CVE Vulnerabilities

CVE-2020-12430

Missing Release of Memory after Effective Lifetime

Published: Apr 28, 2020 | Modified: Apr 01, 2024
CVSS 3.x
6.5
MEDIUM
Source:
NVD
CVSS:3.1/AV:N/AC:L/PR:L/UI:N/S:U/C:N/I:N/A:H
CVSS 2.x
4 MEDIUM
AV:N/AC:L/Au:S/C:N/I:N/A:P
RedHat/V2
RedHat/V3
6.5 MODERATE
CVSS:3.1/AV:N/AC:L/PR:L/UI:N/S:U/C:N/I:N/A:H
Ubuntu
MEDIUM

An issue was discovered in qemuDomainGetStatsIOThread in qemu/qemu_driver.c in libvirt 4.10.0 though 6.x before 6.1.0. A memory leak was found in the virDomainListGetStats libvirt API that is responsible for retrieving domain statistics when managing QEMU guests.

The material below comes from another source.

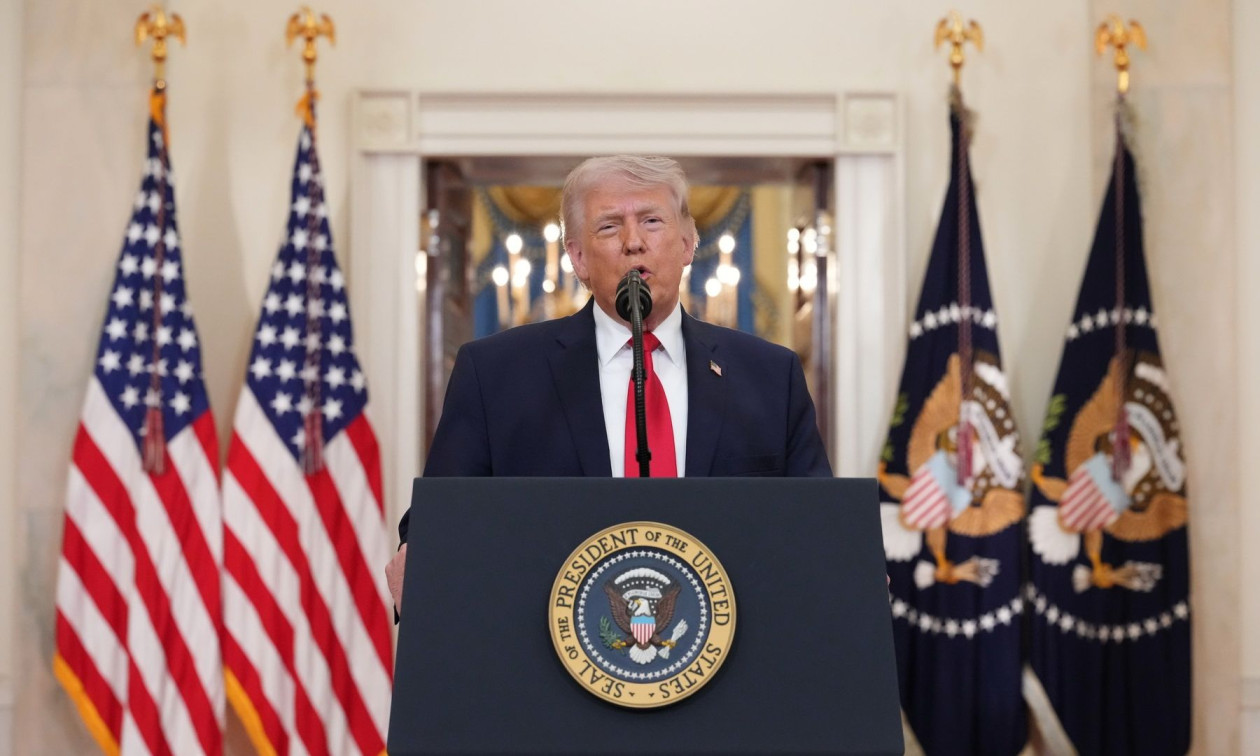 Διάγγελμα Τραμπ: «Το Ιράν έχει αποδεκατιστεί – Είμαστε κοντά στην ολοκλήρωση των επιχειρήσεων»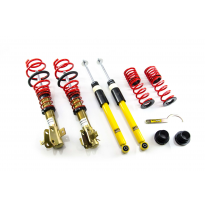 Kit roscado MTS TECHNIK Street Gold Honda CIVIC VIII Hatchback (FN/FK)  Año: 09/05 - 02/12 Sin TUV  SIN Copelas parte delantera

This flaw allows unprivileged users with a read-only connection to cause a memory leak in the domstats command, resulting in a potential denial of service.

Weakness

The product does not sufficiently track and release allocated memory after it has been used, which slowly consumes remaining memory.

Affected Software

Name Vendor Start Version End Version
Libvirt Redhat 4.10.0 (including) 6.1.0 (excluding)
Libvirt Ubuntu devel *
Libvirt Ubuntu eoan *
Libvirt Ubuntu focal *
Libvirt Ubuntu trusty *

Potential Mitigations

  • Choose a language or tool that provides automatic memory management, or makes manual memory management less error-prone.
  • For example, glibc in Linux provides protection against free of invalid pointers.
  • When using Xcode to target OS X or iOS, enable automatic reference counting (ARC) [REF-391].
  • To help correctly and consistently manage memory when programming in C++, consider using a smart pointer class such as std::auto_ptr (defined by ISO/IEC ISO/IEC 14882:2003), std::shared_ptr and std::unique_ptr (specified by an upcoming revision of the C++ standard, informally referred to as C++ 1x), or equivalent solutions such as Boost.